To me, this is deeply instructive: while I no longer try to convert everyone to contemporary art, these examples reassure me that autonomous, experimental art still has impact—when it is authentic, sensitive, and unafraid to question rather than teach.
Art is the vocation of freedom
May 14, 2025
This site offers a partial digital imprint of a long and evolving artistic journey.
It is not a retrospective, nor a diary, nor a representative showcase – but rather a space where different temporalities and media converge.

Art, for me, is an existential necessity, a continuous pursuit of form and meaning within a fragmented world that oscillates between the ironic and the sacred. The aesthetics of materiality, the poetics of technical error, and the organic coexistence of classical traditions with digital layers all inform the visual language through which I explore the relationship between reality and the unconscious.

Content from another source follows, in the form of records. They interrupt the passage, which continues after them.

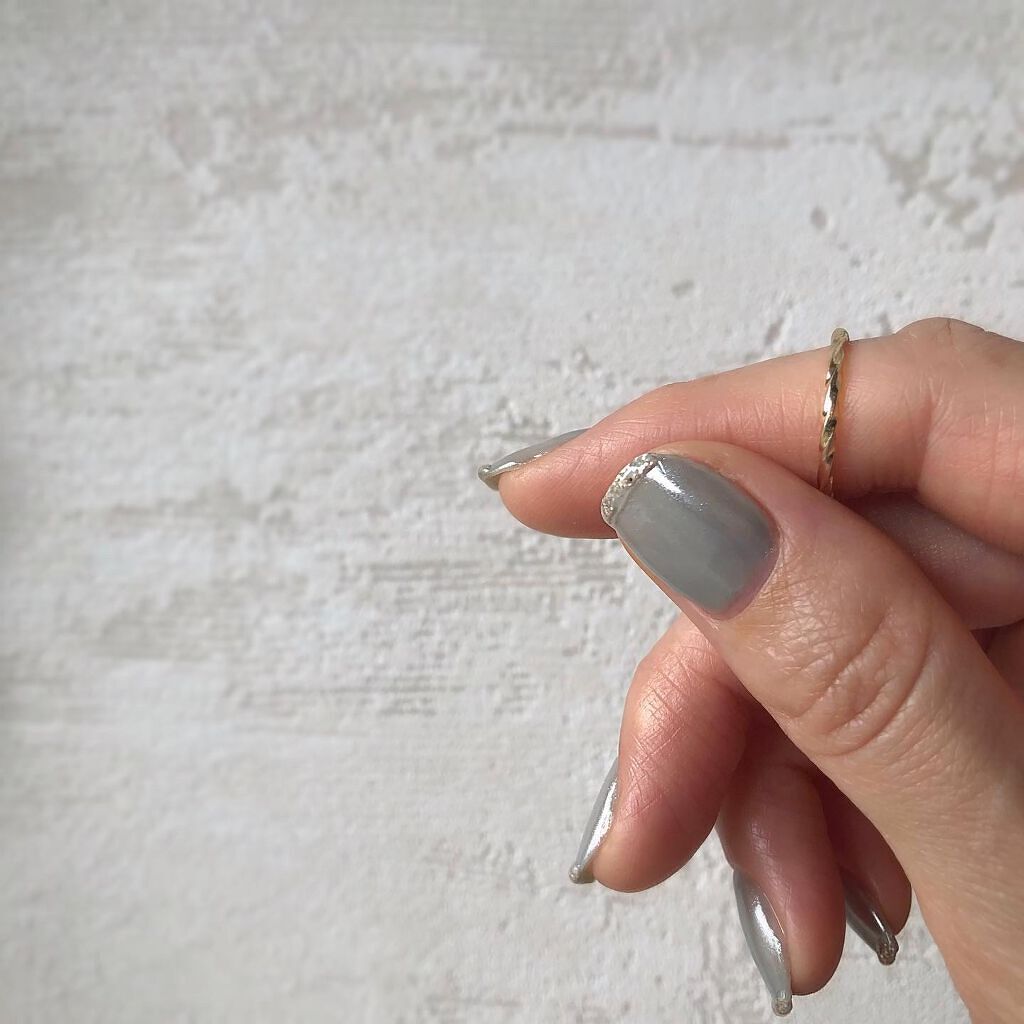 MOMOジェル/nail for all/ジェルネイルを使ったクチコミ(3枚目)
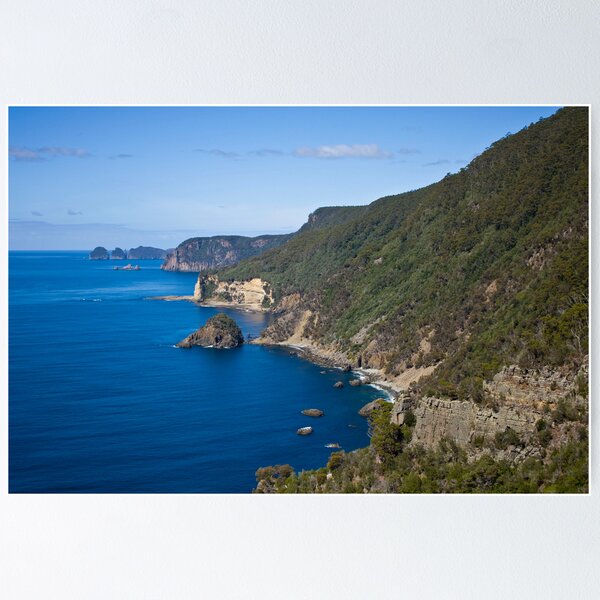 Item preview, Waterfall Bay looking to Cape Hauy designed and sold by andychiz.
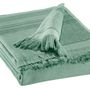 Hammams - Hammam Towel Cancun Sauge 90 X 180 - MAISON VIVARAISE – SDE VIVARAISE WINKLER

The works presented here are arranged in cycles, yet they remain in constant dialogue with one another. My intention is to create a context in which each piece may assert its own weight and atmosphere – to be encountered as a singular presence within a living constellation.
This platform will be regularly updated with new projects, reflections, videos, and fragments – all part of an active, interdisciplinary artistic practice. Not only the visual outcome, but also the processes of reflection, genesis, context, and interpretation are granted space here.
For me, art is the vocation of freedom. This site serves as a digital extension of that presence.
This site is a dynamic encounter: at the boundary between artistic traditions and contemporary art, in the ebb and flow of symbols and atmospheres. The leaping tiger – a symbol of movement, force, and resilience – embodies the essence of my work: a relentless search, a continuous passage between forms and media.